MessageToEagle.com - Have you ever wondered what the Universe will look like for a future alien astronomer?
It will in fact be entirely different from what it is today.
One trillion years from now, an alien astronomer in our galaxy will have great difficulties figuring out how the universe began.
The Milky Way will have merged with the Andromeda galaxy to form the Milkomeda galaxy. Many of its stars, including our Sun, will have burned out.
The universe's ever-accelerating expansion will send all other galaxies rushing beyond our "cosmic horizon," sending them forever out of view.
It was Edwin Hubble who made the first observations in support of the Big Bang model.

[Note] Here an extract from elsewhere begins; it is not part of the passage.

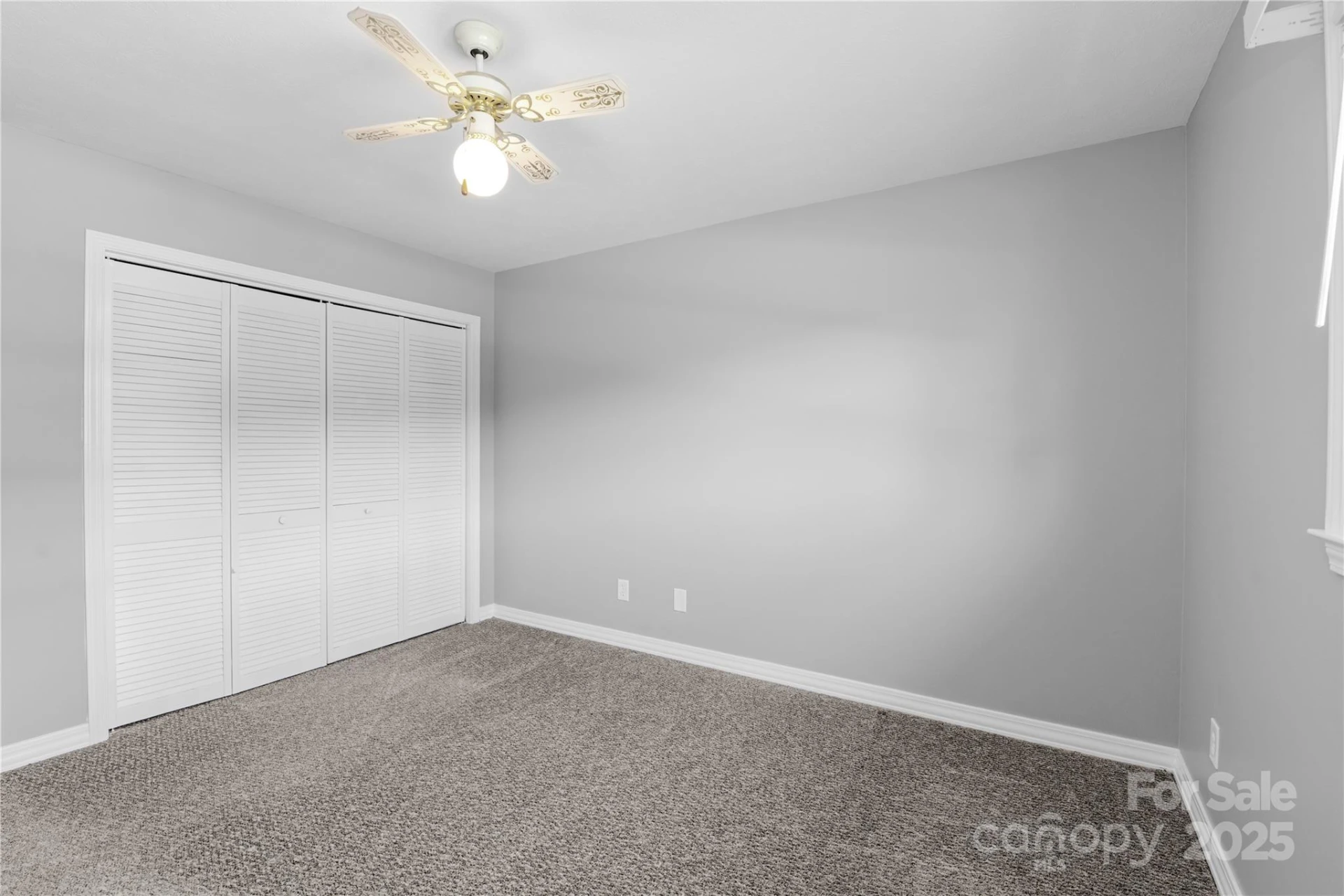 111 Curtis Creek Road - Photo 15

He showed that galaxies are rushing away from each other due to the universe's expansion.
More recently, astronomers discovered a pervasive afterglow from the Big Bang, known as the cosmic microwave background,
left over from the universe's white-hot beginning.
The Universe's expansion will cause the cosmic microwave background to fade out, stretching the wavelength of CMB photons to become longer
than the visible universe.
Without the clues of the CMB and distant, receding galaxies, how will these far-future astronomers know the Big Bang happened?
According to Harvard theorist Avi Loeb, clever astronomers in 1 trillion C.E. could still infer the Big Bang and today's leading
cosmological theory, known as "lambda-cold dark matter" or LCDM. They will have to use the most distant light source available to
them - hypervelocity stars flung from the center of Milkomeda.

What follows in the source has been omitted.